# [WHAT IS BEING ASKED]
Write out nothing but the lines from the one containing "Duette aus Operetten Heft 3" through the last line below, both included, and without the pictures.

# [RECORDS FOR PROCESSING]
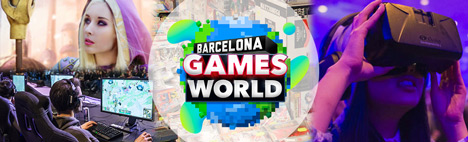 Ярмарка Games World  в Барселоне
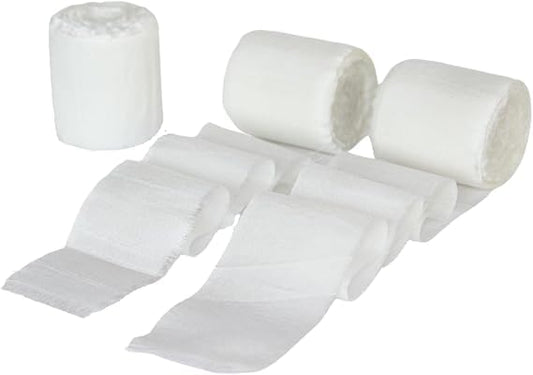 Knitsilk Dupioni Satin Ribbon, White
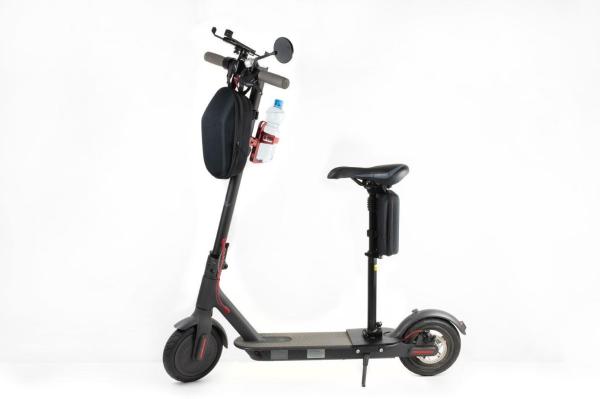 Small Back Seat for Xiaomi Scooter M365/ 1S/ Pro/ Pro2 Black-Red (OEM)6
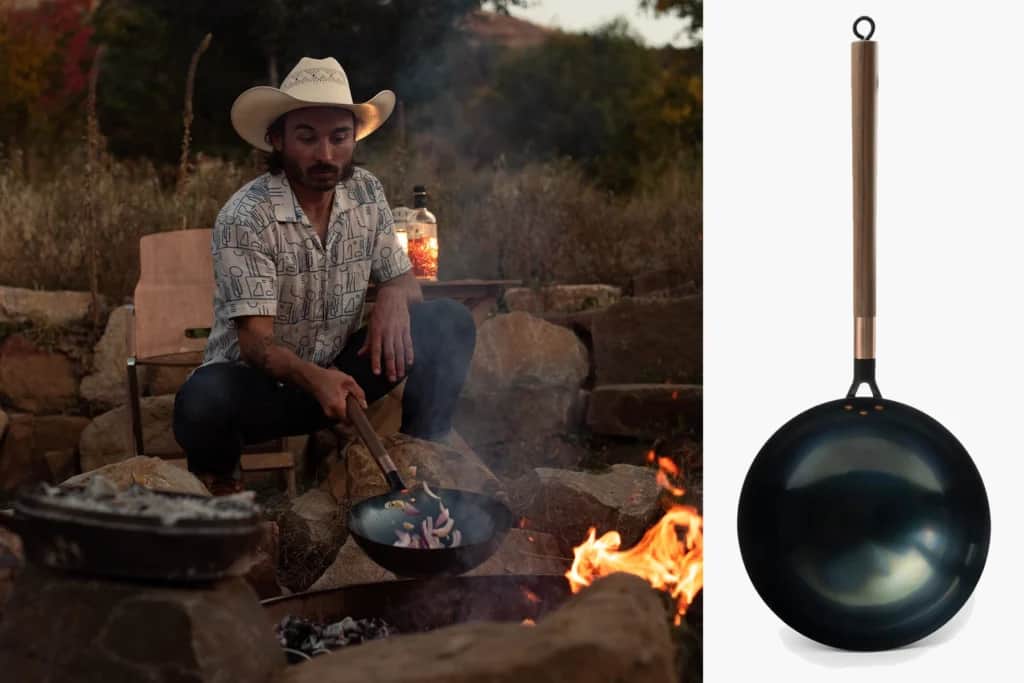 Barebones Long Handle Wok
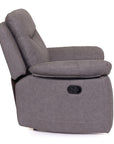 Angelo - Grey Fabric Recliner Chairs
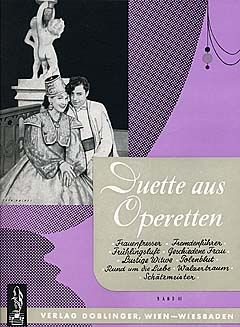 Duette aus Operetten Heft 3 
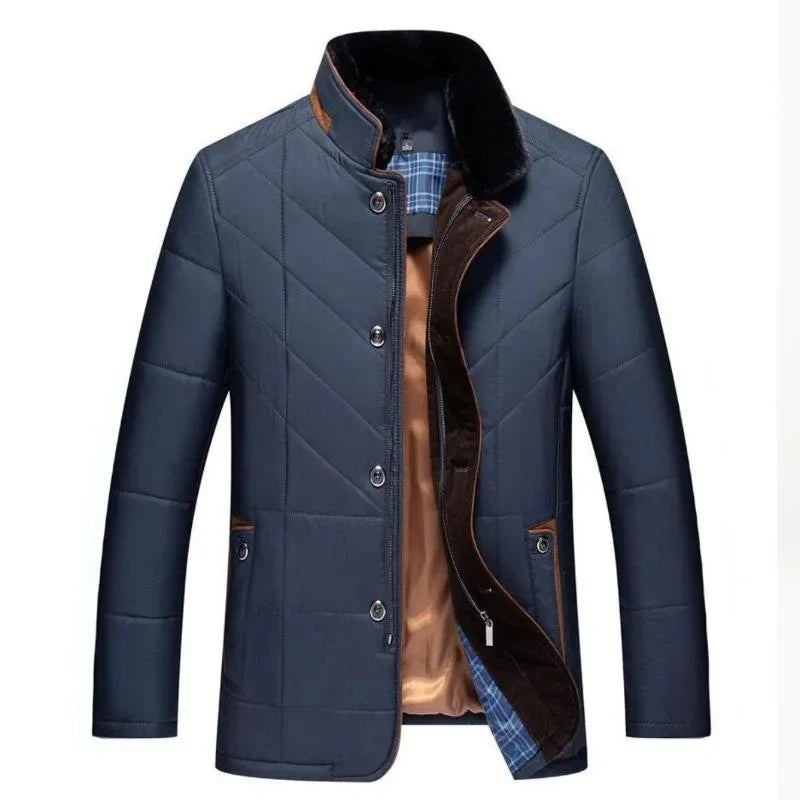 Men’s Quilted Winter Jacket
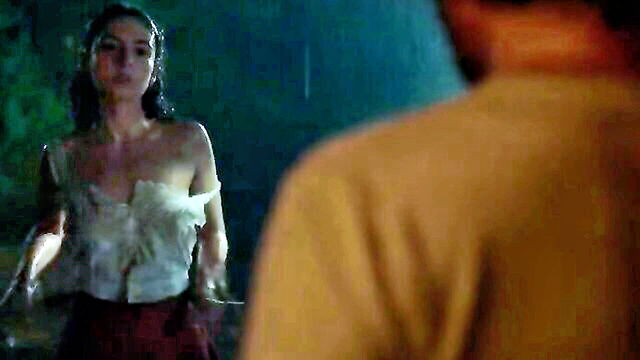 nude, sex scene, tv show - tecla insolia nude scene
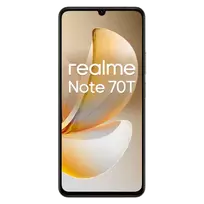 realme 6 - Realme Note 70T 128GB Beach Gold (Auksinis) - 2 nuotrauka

# [SOLUTION TO THE EXERCISE]
 Duette aus Operetten Heft 3 
 Men’s Quilted Winter Jacket
 nude, sex scene, tv show - tecla insolia nude scene
 realme 6 - Realme Note 70T 128GB Beach Gold (Auksinis) - 2 nuotrauka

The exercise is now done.